# Buying stuff in Germany



## hallur84 (Jan 3, 2013)

Hello,

I recently moved to Leiden, and still trying to get settled in my new flat! Now I'm looking for a new TV for the flat, and I've been looking online for TV prices.
I have noticed that TVs (and electronics in general) in the Netherlands are more expensive than in Germany. For example, you can see that the same TV in Germany is €140 cheaper than in the Netherlands:

[I'm not allowed to post links yet, but if you search for the TV LG 42LM669S on the Dutch and German mediamarkt homepage, you can see what I'm on about.]

Therefore I was thinking of driving across the border and buy the TV in a German Mediamarkt, instead of a Dutch Mediamarkt.
So, does anyone know if this is legal to do?
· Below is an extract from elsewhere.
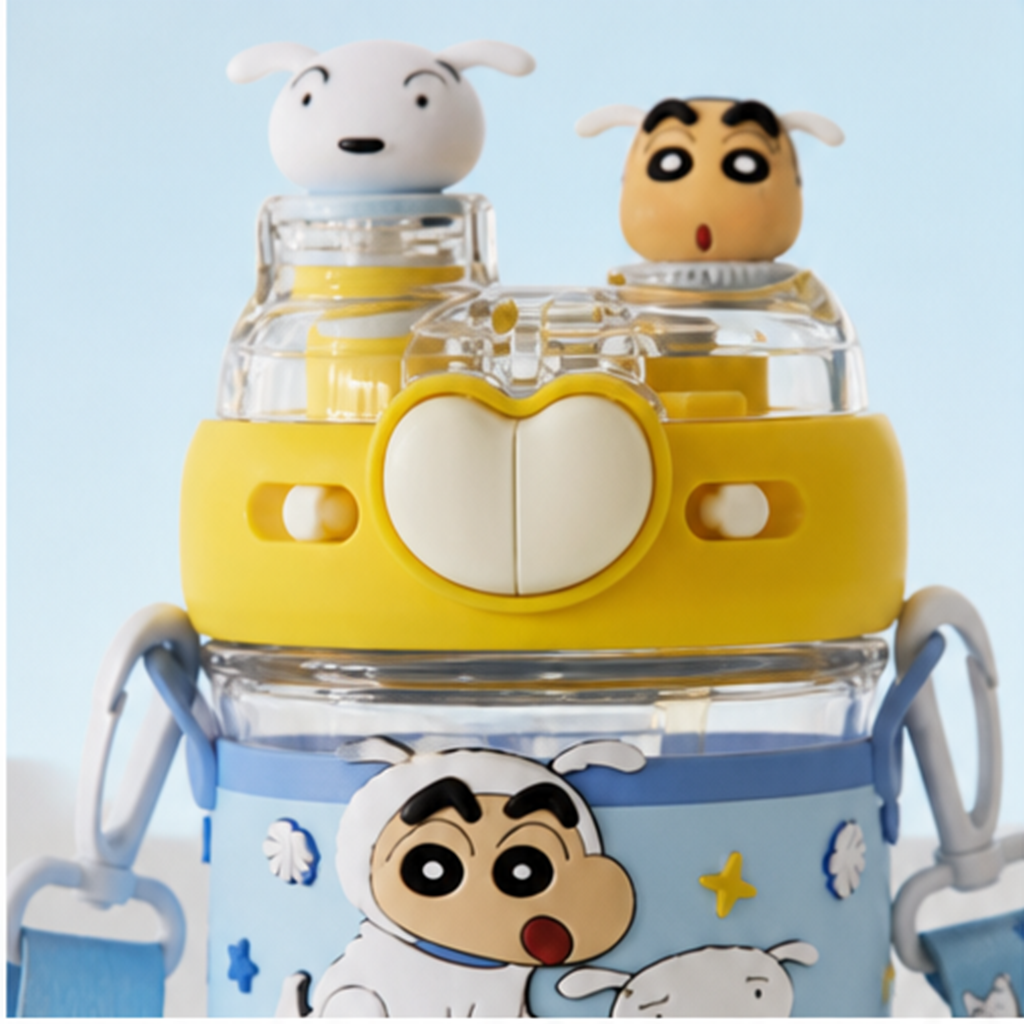 クレヨンしんちゃん シロ 580ml 2WAY Tritanストローボトル ブルー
I'm not sure if it is allowed to transfer goods across the border. I would assume so, as it is all within the EU, however there must also be a reason for the price difference...

Thanks in advance for your help


----------



## cschrd2 (Oct 31, 2011)

As far as I know it's legal (except for alcohol an smokes). Differences are caused by local taxes and market size. Lots of Dutch people (I lived down south) from the border area shop in either Belgium or Germany.


----------



## hallur84 (Jan 3, 2013)

Great, thanks for the reply. That's what I thought, but I thought that I would check first


----------



## rdougan (Jan 4, 2013)

I bought mine from a local electrics shop in Haarlem. They delivered and installed it free of charge. I later found out block sold the same one for €100 cheaper, but I'm not sure if they would deliver or install.


----------



## MarinaS (Dec 6, 2012)

It's legal to buy the Tv in Germany


----------



## geoff24 (Feb 17, 2013)

yes you can buy in Germany its in the EU free trade no barrier and food is generally cheaper as well.


----------